How to Pick a College
When it comes to college admissions, the problem you don’t want – a problem that you’ve probably considered numerous times – involves not receiving an acceptance letter from any of your top-choice schools.
That would stink.
But there is another problem, one that I would bet has yet to cross your mind.
What if all of (or most of) your top-choice schools accept you?
Yes, for some of you, there will come a day when you open your digital or physical mailbox and find it stuffed to the gills with acceptances. It didn’t happen to me, but I’m sure your first emotion will be sheer giddiness.
But after the excitement fades, you’ll be faced with a unique problem – which one do you choose? You’ll have 30 days or fewer to make up your mind. Additionally, let’s not forget that during that time, you’ll still have to study for a slew of exams, including AP/IB.
That’s a lot of stress.
In this article, we’ll discuss the three most vital things to keep in mind as you weigh your options.
Let’s discuss your future academic major. Now, you may not know which one you’ll pick, and there’s always the chance that you’ll change your mind halfway through freshman year. Even so, it’s time to compare what each of your top schools offers.
The first thing you’ll probably notice is that most top schools feature the same majors. That’s not much help. What can help is when you deep dive into each program’s academic requirements. Here are some questions to keep in mind while performing research. (Note: You should ask these questions not just for each school but also for each major you’re considering.)
- What are the graduation requirements?
- What electives/concentrations/specializations does this program offer?
- Does this program have a special feature, such as a unique study-abroad program?
- If I select this major, can I perform research as an undergraduate?
- This question is REALLY important if you want to go to graduate school.
- Related question: What is this program’s graduate school acceptance rate?
- Can I complete a second major or a minor in a different area?
- What career services does the school offer?
If you can find answers to these questions, the differences between your top schools should become more apparent. In other words, you’ll know how each school meets your academic needs and expectations.
After academic offerings comes cost. Top schools often charge top dollar, and although you won’t know about financial aid for a while, it’s time to run through a few hypotheticals. Here’s what you can do now.
- Find out exactly how much – if anything – your parents will contribute to your college education.
- Start researching your top school’s scholarship websites. Many have a search engine with the latest scholarship opportunities, requirements, and deadlines.
- If possible, begin preparing scholarship application materials even before you know about an acceptance. Many schools have similar requirements.
- Research what current students are saying online.
- How much institutional financial aid did they receive?
- What are the best scholarship websites?
- What are the worst financial aid traps?
- Do current and former students regret attending because of the cost?
As you perform these and other tasks, keep in mind that in the vast majority of cases, it is not worth going into debt to attend college.

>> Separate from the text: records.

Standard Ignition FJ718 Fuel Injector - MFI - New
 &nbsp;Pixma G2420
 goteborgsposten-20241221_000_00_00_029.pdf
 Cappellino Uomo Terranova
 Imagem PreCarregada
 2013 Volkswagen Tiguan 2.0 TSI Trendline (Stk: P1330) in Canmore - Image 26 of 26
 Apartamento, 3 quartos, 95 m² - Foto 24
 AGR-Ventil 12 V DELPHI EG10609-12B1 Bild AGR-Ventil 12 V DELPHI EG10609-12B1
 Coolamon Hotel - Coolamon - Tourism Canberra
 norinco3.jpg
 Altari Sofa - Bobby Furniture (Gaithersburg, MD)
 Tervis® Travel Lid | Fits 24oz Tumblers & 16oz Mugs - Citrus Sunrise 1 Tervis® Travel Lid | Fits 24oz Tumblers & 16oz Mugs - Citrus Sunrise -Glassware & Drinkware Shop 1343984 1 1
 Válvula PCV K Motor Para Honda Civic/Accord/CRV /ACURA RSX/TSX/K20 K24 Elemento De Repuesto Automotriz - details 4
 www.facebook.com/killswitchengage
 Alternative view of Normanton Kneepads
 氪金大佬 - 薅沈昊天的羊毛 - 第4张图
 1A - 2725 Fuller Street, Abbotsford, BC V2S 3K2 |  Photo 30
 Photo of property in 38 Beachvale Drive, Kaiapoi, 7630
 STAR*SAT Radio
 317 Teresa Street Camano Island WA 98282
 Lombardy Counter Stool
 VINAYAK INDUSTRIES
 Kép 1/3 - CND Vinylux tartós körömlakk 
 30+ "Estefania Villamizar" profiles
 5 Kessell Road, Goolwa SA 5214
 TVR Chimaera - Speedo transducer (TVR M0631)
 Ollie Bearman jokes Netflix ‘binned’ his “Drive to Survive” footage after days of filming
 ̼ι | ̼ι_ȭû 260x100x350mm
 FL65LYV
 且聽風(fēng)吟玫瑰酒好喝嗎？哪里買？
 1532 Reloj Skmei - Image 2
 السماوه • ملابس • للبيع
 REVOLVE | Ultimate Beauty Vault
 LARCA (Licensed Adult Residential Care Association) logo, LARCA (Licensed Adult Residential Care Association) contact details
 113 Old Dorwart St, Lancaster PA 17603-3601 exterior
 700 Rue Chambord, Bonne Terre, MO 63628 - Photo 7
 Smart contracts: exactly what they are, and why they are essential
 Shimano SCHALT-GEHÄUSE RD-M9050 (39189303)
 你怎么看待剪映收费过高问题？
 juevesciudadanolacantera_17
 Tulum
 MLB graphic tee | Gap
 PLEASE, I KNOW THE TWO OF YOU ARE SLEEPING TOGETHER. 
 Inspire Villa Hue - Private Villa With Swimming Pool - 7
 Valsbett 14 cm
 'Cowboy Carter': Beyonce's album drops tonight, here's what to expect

So, if you don’t want to say no to your dream school, start racking up the scholarship and grant dollars ASAP.
So, let’s get back to the beginning of this article. All of your top schools said yes. Also, potential majors look good at all of them. Additionally, these schools are offering you a full ride, or you have attained the necessary scholarships and grants. If all of these wonderful things should happen, what do you do then?
Besides flipping a coin or throwing a dart at a board, it’s once again time to dig deep and consider your personal preferences. Maybe some of your high school friends are attending School A, while at School B, you wouldn’t have to have a roommate. Maybe School C has pleasant weather all year round.
In other words, if all of the choices are great, it’s up to you, which, at 18 years old, can seem like an impossible decision. Even if it’s just between two schools, go with what feels right. Yes, you’ll set aside a whole world of possibilities by saying ‘no’ to one or more great schools, but you’ll also be saying ‘yes’ to what I’m sure will be an incredible four years.
Let me restate this article’s most important point – think about these ‘what-ifs’ now. As with anything college application-related, the sooner you start putting in the work, the easier the process becomes.
Lastly, wishing you a mailbox full of ‘fat envelopes’ this spring.